[cross-posted at Liberty & Power]
Because Ron Paul sponsored a constitutional amendment to ban flag-burning, some critics have inferred (not unreasonably) that he supports bans on flag-burning. In fact he doesn’t; he was simply trying to make the point that such bans would presently be unconstitutional, and so that those who do favour making flag-burning illegal are obligated to amend the Constitution.
It was for similar reasons that Paul introduced a declaration of war against Iraq – not because he supports such a war (nobody who’s followed his campaign even slightly could suppose that), but because he wanted to make the point that a war is unconstitutional unless Congress declares it – so that if his colleagues take the Constitution seriously they should show it by, um, doing their wrong deeds the right way.

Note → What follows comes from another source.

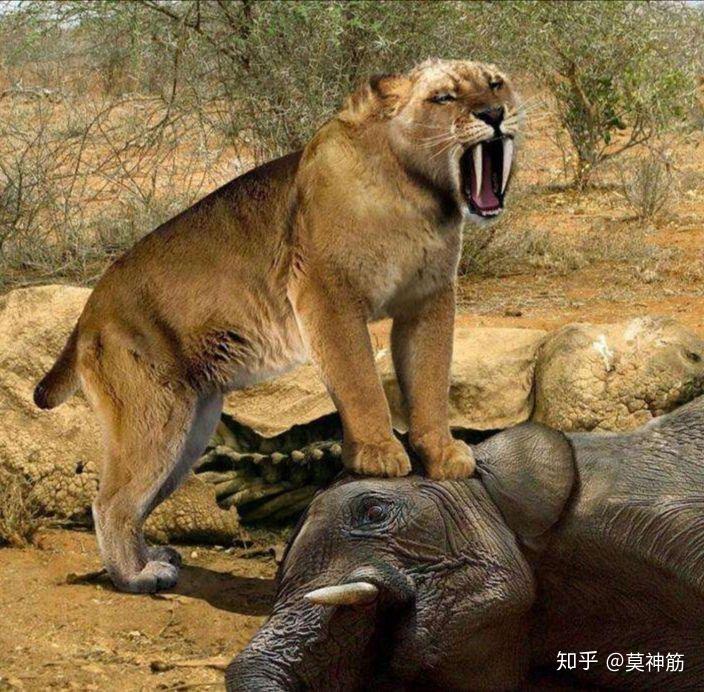 剑齿虎是怎么进行捕猎的?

Okay, I get it; but I don’t much care for the strategy.
What’s my objection? Well, I’m not making the criticism that his introducing these proposals is risky because Congress might actually vote for them; if the mood of the Congress were such that they had a chance of passing, someone else would already have introduced them, so I don’t think it was especially risky (though it is disconcerting to see a loaded gun being tossed around to make a political point, even if the safety is on).
No, my complaint is that this strategy focuses unduly on the unconstitutionality of Congress’s misdeeds rather than their wrongness. Paul clearly doesn’t think that aggressive wars and flag-burning bans would be unobjectionable if only they were constitutional; but his strategy could encourage that belief.
Of course as an anarchist I don’t regard the Constitution as having any authority; but I don’t think my criticism depends on that point. Assume the truth of minarchism; or assume the correctness of Barnett’s case for the anarcho-compatibility of the Constitution; or even just assume (and this much is definitely true) that a federal government that kept itself within constitutional bounds would be enormously, staggeringly preferable to the one we have now – and I still think my criticism holds. However objectionable a law’s unconstitutionality is (and I do think, as things stand, that a law’s being unconstitutional is a serious ceteris paribus objection to it), such a law’s being inherently unjust is surely a more serious objection to it. As a political strategy, introducing resolutions encouraging Congress to pass unjust constitutional amendments in order to render other unjust actions constitutional (thus making the Constitution more unjust – as though whatever legitimacy the Constitution possesses could be independent of its content!) can only foster the misleading impression that unconstitutionality is a more serious problem than injustice. I’m not saying that Paul believes that; I don’t think he does. But I do think he has been trying to serve two masters – constitutionality and natural justice – and this particular strategy I fear serves the lesser master at the expense of the greater.
Incidentally, on a tangentially related subject, can anyone tell me precisely what Ron Paul’s views on abortion are? Because I know he recently supported legislation declaring human life protected from the point of conception; but I seem to remember that back in the 90s he was supporting RU 486 (the “morning-after pill”) as a desirable alternative to abortion, which would imply that he thinks protected status begins at some point later than conception. (Didn’t he have an article in Liberty in this subject? Unfortunately my back issues are packed away.) So has he changed his mind, or is there some nuance I’m missing? Does anyone out there know more?